So, we might think of the formula, the weaving pattern, the knitting pattern and so on as the form of the plaid, and the yarn as its expression. What would that mean?

Why is this discussion about form and expression important, interesting? We could say it is the use of the plaid that is important, and that it is the use of the plaid that defines what it is. That does not help very much in the process of designing and making. We design and make something, and then we may use it.

It is clear that use defines and redefines what that something is. But we still initially define and make something, and it is through form and expression that we express that something. These notions are central in the foundation of designing and making, as they help us to grasp what it means to design and make things, and thus provide a conceptual foundation for the development of methodological and technical tools.

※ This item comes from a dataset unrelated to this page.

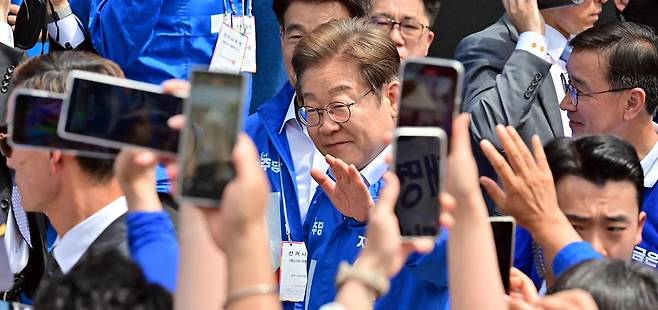 더불어민주당 이재명 대선 후보가 22일 오전 제주 동문시장 앞 탐라문화광장에 들어서자 지지자들이 휴대전화를 들고 사진을 찍고 있다. 이 후보는 이날 제주를 거쳐 경남 양산시로 이동해 집중 유세를 진행했다. 제주=뉴스1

This is a theoretical discussion where we look for interpretations and explanations useful in the design and making processes, not a philosophical discussion concerning the true meaning of ‘form’ and ‘expression’, what the ‘form’ of a textile really is.

The textile formula defines the way in which the material builds the textile, ‘material’ then refers to the yarn we use. This is ‘form’ in its most elementary sense, and does not directly refer to the shape, the gestalt of a three-dimensional thing.

We could say that this also applies to a correspondent definition of the form of a house. But there is a fundamental difference here: we can derive the three-dimensional gestalt of the house from its elementary form, whereas that does not make sense for the textile. This makes it in some sense natural to relate the textile formula more to matters of expression.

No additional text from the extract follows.